Tea-time with Adriaan

Tea-time with Adriaan

Chapter 5: First Planting

After letting the soil rest for two weeks I proceeded to loosen the soil. Having read the various plant labels I placed the plants with adequate space between each. Next, I proceeded to plant Rose Geranium, Fennel, Rose, Pineapple Sage, Camomile and Black Peppermint. Make sure not to place any plants too deep in your container or garden bed, as soil mounted against the stem can result in rot.
I did not feed the Buchu as it does not need a lot of feeding, just good watering.

5.2 Planting chilli and lemongrass

At the same time, I planted a Chilli and Lemon Grass in separate pots. I planted the chilli in a 25cm pot and used the following soil mixture: potting soil and 2 handfuls of bonemeal. I planted the Lemon Grass in a 30cm container with the same soil mixture. You can follow the same planting instructions for both.

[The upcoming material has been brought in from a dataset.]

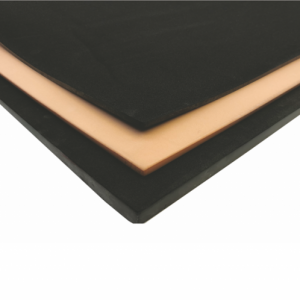 Sheet Materials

  • Ensure that the pots have adequate drainage then add some of the respective soil mixtures.
  • Place the plant on top of the soil and fill in within 2cm from the rim.
  • Pat soil down firmly
  • Feed with Talborne Organics Vita Veg 6:3:4, water thoroughly and place in a sunny spot.

Chapter 6: First harvest and feed

Today I fed the first batch of herbs I planted as well as picked my first harvest.

I personally love using Talborne Organic’s Vita Veg 6:3:1 mix for all my edibles and can highly recommend their quality products.
I loosely scattered a handful of the fertiliser pellets on the bed, followed by a thorough watering. As the weather gets cooler one can generally reduce one’s watering regime. Also, take into account any rain that you might have received.  I did not feed the Buchu as (like Proteas) it prefers more infertile soil. I just gave it a good watering.

Next, I harvested some of the rose flowers, pineapple sage, rose geranium chamomile and mint leaves. These can be picked or snipped off with a pair of kitchen scissors.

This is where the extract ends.